-- Supplied material follows --

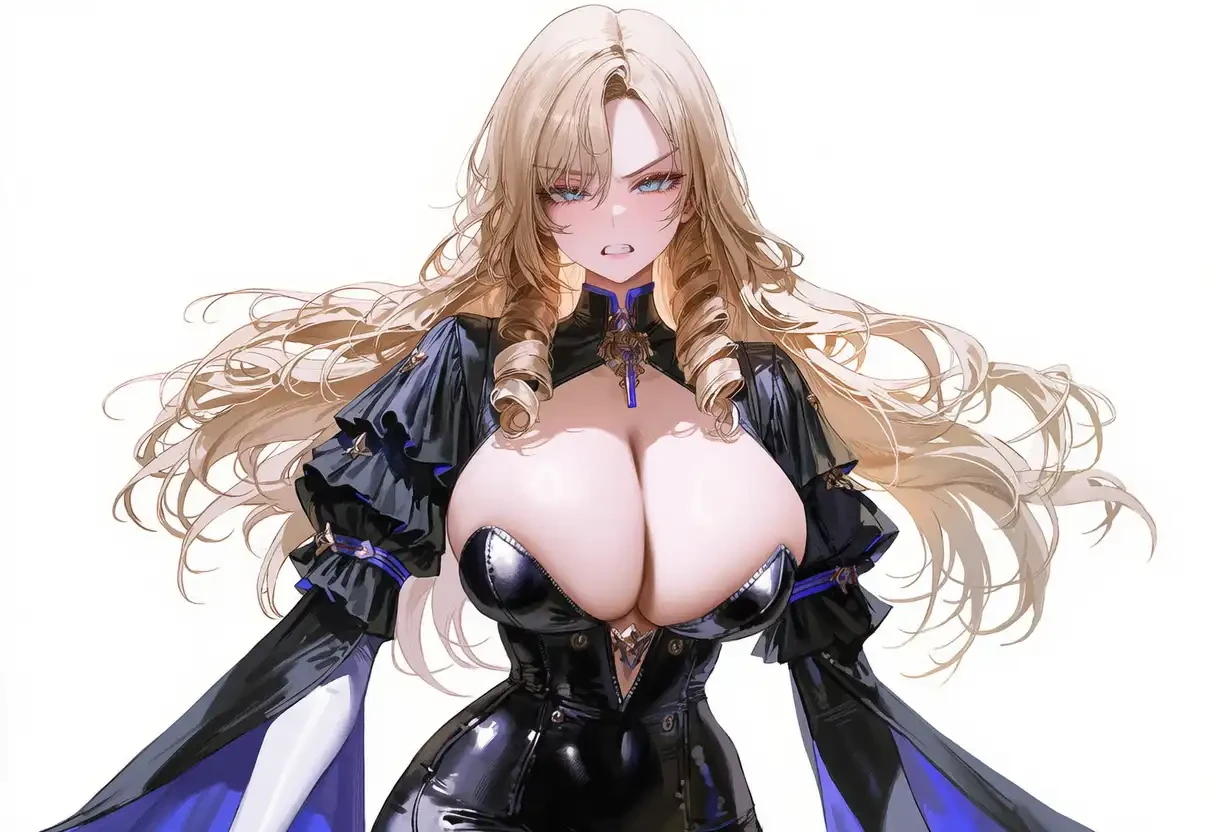 517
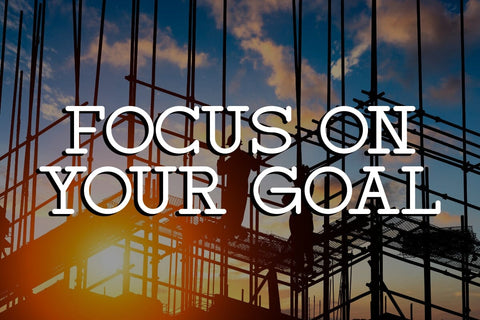 Mindset Worker - Slab Serif Font Font Masyafi Studio 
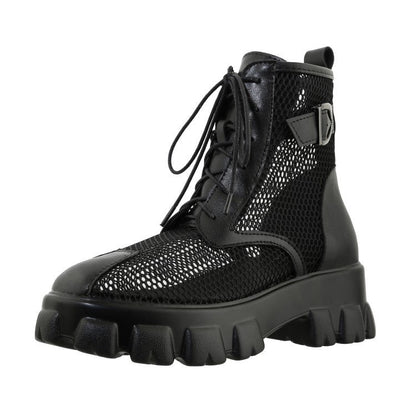 Stylish Orthopedic Boots for Any Occasion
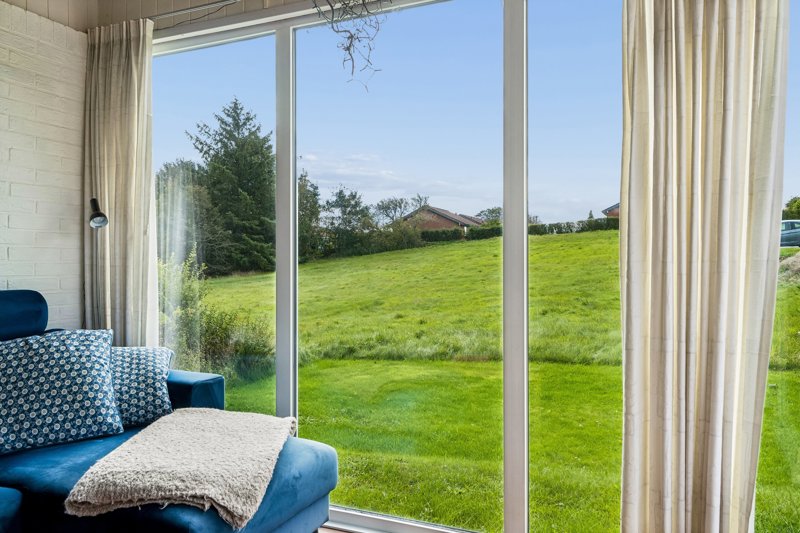Property image number 6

-- Supplied material concluded --

> _Work required_
Reproduce the lines from the one with "Stylish Orthopedic Boots for Any Occasion" through the end of the data, keeping both end lines, adding nothing, and dropping any pictures.

> _Solution to the exercise_
 Stylish Orthopedic Boots for Any Occasion
Property image number 6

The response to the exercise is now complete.